ごめんなさい、お父さんの何十倍もかっこいい。
緊張して声が出ない。
「山田花子ちゃんです。彼女は昨日つれてこられて、緊張してるのです。」
「ああ、家が大変だと聞いた。大丈夫か?」
大丈夫なら此処にはいません、とは言えないので日本人の必殺技の曖昧な返事を返した。
「俺はアーサー・カークランド。お前の、主だ。」
「は、はい。

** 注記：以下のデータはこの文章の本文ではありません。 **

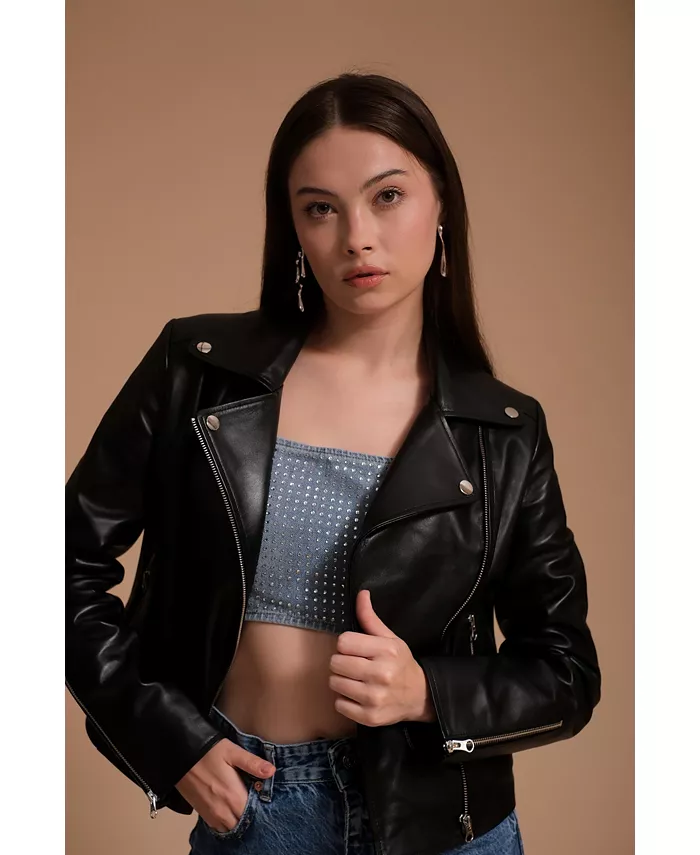 Женская кожаная куртка, черная Furniq UK, черный
Женская кожаная куртка, черная Furniq UK, черный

」
微かに微笑んだアーサーさんはなんかもう、芸能人のごとくだった。
「では私はこれで。」
「えっ」
エリザさんが退室したら私には頼れる人がいない。
不安の眼差しを向けたら、エリザさんに微笑まれた。
大丈夫よ、アーサーさんは悪い方ではないもの。
その意味がうかがえた。
「あ、あの…」
「あ、ああそうだ。お前には主に俺の世話をしてもらう。前のヤツが家の事情で国に帰っちまったからな」
国、というと外国人だろうか。
そういえば、アーサーさんもエリザさんも日本人には見えない。
肌は透けるように白いし、髪の糸も輝くように細い。
「あ、あの、アーサーさんもエリザさんも海外の方ですよね?」
「ああ。俺はイギリス人、あいつはハンガリー人だ。なんだ、外国人嫌いなのか?」
「い、いえ。日本の人ではなかったので…」
「ああそうか。そういや日本人は菊ぐらいだな。」
菊、男性か女性かいまいち分かりにくい名前だ。
「ん、ああ。菊…本田菊。その服デザインしたやつだ。」
ああ、だから“さすが本田さん”なのか。
「ま、みんな日本語しゃべれるから安心しろよ。仕事はまだねぇからまずは慣れろ。」
お屋敷のメイドというと意地悪なメイド長と鬼畜な主を想像していたが、メイドのエリザさんも主のアーサーさんもいい人っぽい。
お父さん、私は元気です。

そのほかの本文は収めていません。